Ilicic firma una poker storico, che diventa epico visto che serve a far entrare l’Atalanta tra le prime 8 squadre d’Europa. La squadra di Gian Piero Gasperini batte il Valencia anche al ritorno, imponendi per 4-3 e superando gli ottavi di finale di Champions League. Dea qualificata per i quarti di finale per la prima volta nella sua storia. Protagonista assoluto Ilicic, autore di un poker al 3′ e al 43′ su rigore, al 71′ e all’83′. Per il Valencia gol di Gameiro al 21′ e al 52′, Ferran Torres al 68′. Partita storica anche perché è la prima gara di Champions a porte chiuse a causa del Coronavirus. L’Atalanta sfodera una prestazione di grande personalità quella dell’Atalanta, peccato che l’impresa di stasera non potrà essere condivisa con i tifosi viste le limitazioni in Italia.

In un Mestalla deserto e un clima surreale a causa dell’emergenza, dunque, gli orobici allungano il loro sogno europeo, nonostante gli spagnoli avessero promesso battaglia dopo il 4 a 1 subito all’andata. In avvio Celades schiera Gameiro e Rodrigo in attacco con Ferran e Soler esterni, Parejo e Kondogbia a centrocampo. Mentre Gasperini risponde con un 3-4-1-2 con Ilicic e Gomez in attacco e Pasalic a supporto. Hateboer e Gosens esterni, de Roon e Freuler in mezzo al campo. Davanti a Sportiello (out Gollini per un problema dell’ultimo momento) giocano Djimsiti, Caldara e Palomino.

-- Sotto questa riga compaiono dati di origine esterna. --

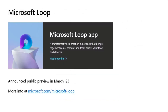If you haven't heard of Microsoft Loop yet, it's a transformative co-creation experience that brings together teams, content, and tasks across your tools and devices. It went into public preview back in this past March. If you'd like to learn more about that, go to microsoft.com/microsoft-loop. But we're going to get hands-on with it with some of the demos that I've got.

L’Atalanta parte fortissimo e al 2′ l’arbitro Hategan fischia un calcio di rigore, per un fallo netto su Ilicic da parte di Diakhaby dopo una strepitosa azione. dal discetto lo stesso Ilici al 3′ non sbaglia e Atalanta avanti 1-0. Il Valencia risponde al 9′ con una conclusione potente di Rodrigo ma Sportiello respinge. Al 21′ gli spagnoli pareggiano: palla persa dell’Atalanta a centrocampo, lancio in area dove Palomino interviene in scivolata ma lascia lì la sfera e Gameiro se la sposta con la suola e la mette in rete per l’1-1.

a gara è aperta e al 25′ su azione d’angolo arriva il colpo di testa di Pasalic ma la palla finisce sul fondo. Due minuti dopo Pasalic ruba palla, serve Gomez che dal limite calcia di precisione ma non trova la rete. Nel finale di primo tempo fallo di mano di Diakhaby in area, l’arbitro va a vederlo al Var e assegna il secondo penalty per l’Atalanta. Ancora Ilicic dagli 11 metri e gol del 2-1.
Ad inizio ripresa il Valencia si spinge subito in avanti, cross di Rodrigo e colpo di testa di Fernan Torres ma Sportiello blocca. Al 50′ però i nerazzurri colpiscono l traversa con Freuler con un gran destro dal limite, ma un minuto dopo il Valencia va in rete: cross di Ferran Torres e colpo di testa vincente di Gameiro, ma l’azione è nata da un altro errore di Palomino. Il Valencia ci crede e spinge con Soler che in area serve per Gameiro che gira sul fondo.

Al 60′ Ilicic ancora al tiro ma colpisce Pasalic quando la palla era diretta in porta. Al 67′ Valencia però ancora in gol: inserimento centrale di Fernan Torres con la difesa nerazzurra messa male e pallonetto sull’uscita di Sportiello per il 3-2. L’Atalanta non ci sta e al 69′ su un destro di Zapata Cillessen si salva con il piede. Il pari è nell’aria e arriva al 71′: contropiede Atalanta, Ilicic passa a Zapata che serve ancora lo sloveno che al limite controlla e con il sinistro fa ancora centro. Il numero 72 dell’Atalanta è inafferrabile e all’82′ firma il personale poker: azione strepitosa dell’Atalanta con assist finale di Freuler per Ilicic che di sinistro infila ancora Cillessen per il 4-3 finale. A tempo scaduto Sportiello nega la tripletta a Gameiro e ora Bergamo può festeggiare.